* **Stored items from a collection**:
***
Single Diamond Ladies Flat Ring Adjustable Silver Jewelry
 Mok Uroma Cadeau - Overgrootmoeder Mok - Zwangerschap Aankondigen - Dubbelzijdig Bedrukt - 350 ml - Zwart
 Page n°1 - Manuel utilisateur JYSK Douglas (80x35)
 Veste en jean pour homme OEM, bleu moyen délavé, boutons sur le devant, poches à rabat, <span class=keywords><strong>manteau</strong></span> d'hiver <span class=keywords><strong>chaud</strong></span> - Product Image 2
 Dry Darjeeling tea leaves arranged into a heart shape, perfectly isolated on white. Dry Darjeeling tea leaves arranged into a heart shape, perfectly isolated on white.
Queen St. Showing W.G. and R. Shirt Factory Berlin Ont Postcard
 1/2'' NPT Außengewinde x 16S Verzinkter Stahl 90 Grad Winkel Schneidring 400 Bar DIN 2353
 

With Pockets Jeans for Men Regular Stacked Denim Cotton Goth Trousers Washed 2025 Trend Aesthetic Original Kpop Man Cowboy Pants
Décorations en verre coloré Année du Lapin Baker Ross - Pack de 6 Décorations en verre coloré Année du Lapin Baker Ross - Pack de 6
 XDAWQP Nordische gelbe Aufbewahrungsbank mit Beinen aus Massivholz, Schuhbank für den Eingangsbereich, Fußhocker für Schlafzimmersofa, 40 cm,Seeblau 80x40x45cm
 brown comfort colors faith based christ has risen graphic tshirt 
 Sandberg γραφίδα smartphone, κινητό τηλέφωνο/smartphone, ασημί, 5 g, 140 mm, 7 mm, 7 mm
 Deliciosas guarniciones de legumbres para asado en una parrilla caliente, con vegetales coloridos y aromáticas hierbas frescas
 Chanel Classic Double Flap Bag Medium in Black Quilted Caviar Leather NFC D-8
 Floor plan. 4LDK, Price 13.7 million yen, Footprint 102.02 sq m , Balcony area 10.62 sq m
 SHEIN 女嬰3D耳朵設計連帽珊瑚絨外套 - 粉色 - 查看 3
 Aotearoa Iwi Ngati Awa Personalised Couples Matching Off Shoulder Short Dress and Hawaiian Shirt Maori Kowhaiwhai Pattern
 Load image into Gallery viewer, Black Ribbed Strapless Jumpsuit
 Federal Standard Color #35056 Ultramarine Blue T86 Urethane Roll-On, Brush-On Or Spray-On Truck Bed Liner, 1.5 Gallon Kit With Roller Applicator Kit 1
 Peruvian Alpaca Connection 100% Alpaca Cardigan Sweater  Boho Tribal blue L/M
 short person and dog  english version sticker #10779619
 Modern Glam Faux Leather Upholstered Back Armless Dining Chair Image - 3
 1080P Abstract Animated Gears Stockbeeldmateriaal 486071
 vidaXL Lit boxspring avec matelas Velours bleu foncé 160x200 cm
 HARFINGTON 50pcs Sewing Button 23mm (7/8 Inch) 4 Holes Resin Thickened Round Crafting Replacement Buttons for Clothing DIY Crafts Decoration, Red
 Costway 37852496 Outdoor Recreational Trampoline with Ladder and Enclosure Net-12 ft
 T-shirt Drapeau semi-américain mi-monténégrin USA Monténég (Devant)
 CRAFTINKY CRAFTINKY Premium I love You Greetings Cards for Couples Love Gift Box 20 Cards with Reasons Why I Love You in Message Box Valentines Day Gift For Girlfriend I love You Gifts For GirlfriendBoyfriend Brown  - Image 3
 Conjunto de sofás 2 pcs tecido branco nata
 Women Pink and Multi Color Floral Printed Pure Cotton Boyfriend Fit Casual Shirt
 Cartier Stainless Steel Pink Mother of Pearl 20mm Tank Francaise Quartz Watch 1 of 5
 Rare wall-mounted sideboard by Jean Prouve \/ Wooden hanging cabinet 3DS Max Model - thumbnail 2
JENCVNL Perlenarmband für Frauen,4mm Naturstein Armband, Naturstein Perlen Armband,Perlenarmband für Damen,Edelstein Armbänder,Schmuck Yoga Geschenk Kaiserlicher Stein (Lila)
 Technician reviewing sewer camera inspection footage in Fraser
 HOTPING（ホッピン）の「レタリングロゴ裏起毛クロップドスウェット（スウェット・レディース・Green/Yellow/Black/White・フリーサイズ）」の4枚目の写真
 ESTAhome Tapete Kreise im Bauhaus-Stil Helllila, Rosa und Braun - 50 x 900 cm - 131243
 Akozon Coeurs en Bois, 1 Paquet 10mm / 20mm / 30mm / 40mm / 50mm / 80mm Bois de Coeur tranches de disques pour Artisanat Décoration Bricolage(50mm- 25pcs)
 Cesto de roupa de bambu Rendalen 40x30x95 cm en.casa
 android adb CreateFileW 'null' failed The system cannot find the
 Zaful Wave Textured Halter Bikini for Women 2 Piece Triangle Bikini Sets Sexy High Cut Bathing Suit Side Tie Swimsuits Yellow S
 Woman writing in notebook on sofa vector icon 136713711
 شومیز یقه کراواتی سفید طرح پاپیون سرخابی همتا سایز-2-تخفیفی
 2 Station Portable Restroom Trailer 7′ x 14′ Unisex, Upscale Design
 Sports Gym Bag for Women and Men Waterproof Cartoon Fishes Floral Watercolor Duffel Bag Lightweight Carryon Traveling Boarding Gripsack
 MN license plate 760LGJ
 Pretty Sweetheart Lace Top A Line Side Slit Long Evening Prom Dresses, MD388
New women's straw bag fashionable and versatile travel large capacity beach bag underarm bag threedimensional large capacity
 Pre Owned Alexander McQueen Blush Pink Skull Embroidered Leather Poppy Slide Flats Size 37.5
***
* **What to do**: All lines of the data above must be returned exactly.

* **Solution for this exercise**:
Single Diamond Ladies Flat Ring Adjustable Silver Jewelry
 Mok Uroma Cadeau - Overgrootmoeder Mok - Zwangerschap Aankondigen - Dubbelzijdig Bedrukt - 350 ml - Zwart
 Page n°1 - Manuel utilisateur JYSK Douglas (80x35)
 Veste en jean pour homme OEM, bleu moyen délavé, boutons sur le devant, poches à rabat, <span class=keywords><strong>manteau</strong></span> d'hiver <span class=keywords><strong>chaud</strong></span> - Product Image 2
 Dry Darjeeling tea leaves arranged into a heart shape, perfectly isolated on white. Dry Darjeeling tea leaves arranged into a heart shape, perfectly isolated on white.
Queen St. Showing W.G. and R. Shirt Factory Berlin Ont Postcard
 1/2'' NPT Außengewinde x 16S Verzinkter Stahl 90 Grad Winkel Schneidring 400 Bar DIN 2353
 

With Pockets Jeans for Men Regular Stacked Denim Cotton Goth Trousers Washed 2025 Trend Aesthetic Original Kpop Man Cowboy Pants
Décorations en verre coloré Année du Lapin Baker Ross - Pack de 6 Décorations en verre coloré Année du Lapin Baker Ross - Pack de 6
 XDAWQP Nordische gelbe Aufbewahrungsbank mit Beinen aus Massivholz, Schuhbank für den Eingangsbereich, Fußhocker für Schlafzimmersofa, 40 cm,Seeblau 80x40x45cm
 brown comfort colors faith based christ has risen graphic tshirt 
 Sandberg γραφίδα smartphone, κινητό τηλέφωνο/smartphone, ασημί, 5 g, 140 mm, 7 mm, 7 mm
 Deliciosas guarniciones de legumbres para asado en una parrilla caliente, con vegetales coloridos y aromáticas hierbas frescas
 Chanel Classic Double Flap Bag Medium in Black Quilted Caviar Leather NFC D-8
 Floor plan. 4LDK, Price 13.7 million yen, Footprint 102.02 sq m , Balcony area 10.62 sq m
 SHEIN 女嬰3D耳朵設計連帽珊瑚絨外套 - 粉色 - 查看 3
 Aotearoa Iwi Ngati Awa Personalised Couples Matching Off Shoulder Short Dress and Hawaiian Shirt Maori Kowhaiwhai Pattern
 Load image into Gallery viewer, Black Ribbed Strapless Jumpsuit
 Federal Standard Color #35056 Ultramarine Blue T86 Urethane Roll-On, Brush-On Or Spray-On Truck Bed Liner, 1.5 Gallon Kit With Roller Applicator Kit 1
 Peruvian Alpaca Connection 100% Alpaca Cardigan Sweater  Boho Tribal blue L/M
 short person and dog  english version sticker #10779619
 Modern Glam Faux Leather Upholstered Back Armless Dining Chair Image - 3
 1080P Abstract Animated Gears Stockbeeldmateriaal 486071
 vidaXL Lit boxspring avec matelas Velours bleu foncé 160x200 cm
 HARFINGTON 50pcs Sewing Button 23mm (7/8 Inch) 4 Holes Resin Thickened Round Crafting Replacement Buttons for Clothing DIY Crafts Decoration, Red
 Costway 37852496 Outdoor Recreational Trampoline with Ladder and Enclosure Net-12 ft
 T-shirt Drapeau semi-américain mi-monténégrin USA Monténég (Devant)
 CRAFTINKY CRAFTINKY Premium I love You Greetings Cards for Couples Love Gift Box 20 Cards with Reasons Why I Love You in Message Box Valentines Day Gift For Girlfriend I love You Gifts For GirlfriendBoyfriend Brown  - Image 3
 Conjunto de sofás 2 pcs tecido branco nata
 Women Pink and Multi Color Floral Printed Pure Cotton Boyfriend Fit Casual Shirt
 Cartier Stainless Steel Pink Mother of Pearl 20mm Tank Francaise Quartz Watch 1 of 5
 Rare wall-mounted sideboard by Jean Prouve \/ Wooden hanging cabinet 3DS Max Model - thumbnail 2
JENCVNL Perlenarmband für Frauen,4mm Naturstein Armband, Naturstein Perlen Armband,Perlenarmband für Damen,Edelstein Armbänder,Schmuck Yoga Geschenk Kaiserlicher Stein (Lila)
 Technician reviewing sewer camera inspection footage in Fraser
 HOTPING（ホッピン）の「レタリングロゴ裏起毛クロップドスウェット（スウェット・レディース・Green/Yellow/Black/White・フリーサイズ）」の4枚目の写真
 ESTAhome Tapete Kreise im Bauhaus-Stil Helllila, Rosa und Braun - 50 x 900 cm - 131243
 Akozon Coeurs en Bois, 1 Paquet 10mm / 20mm / 30mm / 40mm / 50mm / 80mm Bois de Coeur tranches de disques pour Artisanat Décoration Bricolage(50mm- 25pcs)
 Cesto de roupa de bambu Rendalen 40x30x95 cm en.casa
 android adb CreateFileW 'null' failed The system cannot find the
 Zaful Wave Textured Halter Bikini for Women 2 Piece Triangle Bikini Sets Sexy High Cut Bathing Suit Side Tie Swimsuits Yellow S
 Woman writing in notebook on sofa vector icon 136713711
 شومیز یقه کراواتی سفید طرح پاپیون سرخابی همتا سایز-2-تخفیفی
 2 Station Portable Restroom Trailer 7′ x 14′ Unisex, Upscale Design
 Sports Gym Bag for Women and Men Waterproof Cartoon Fishes Floral Watercolor Duffel Bag Lightweight Carryon Traveling Boarding Gripsack
 MN license plate 760LGJ
 Pretty Sweetheart Lace Top A Line Side Slit Long Evening Prom Dresses, MD388
New women's straw bag fashionable and versatile travel large capacity beach bag underarm bag threedimensional large capacity
 Pre Owned Alexander McQueen Blush Pink Skull Embroidered Leather Poppy Slide Flats Size 37.5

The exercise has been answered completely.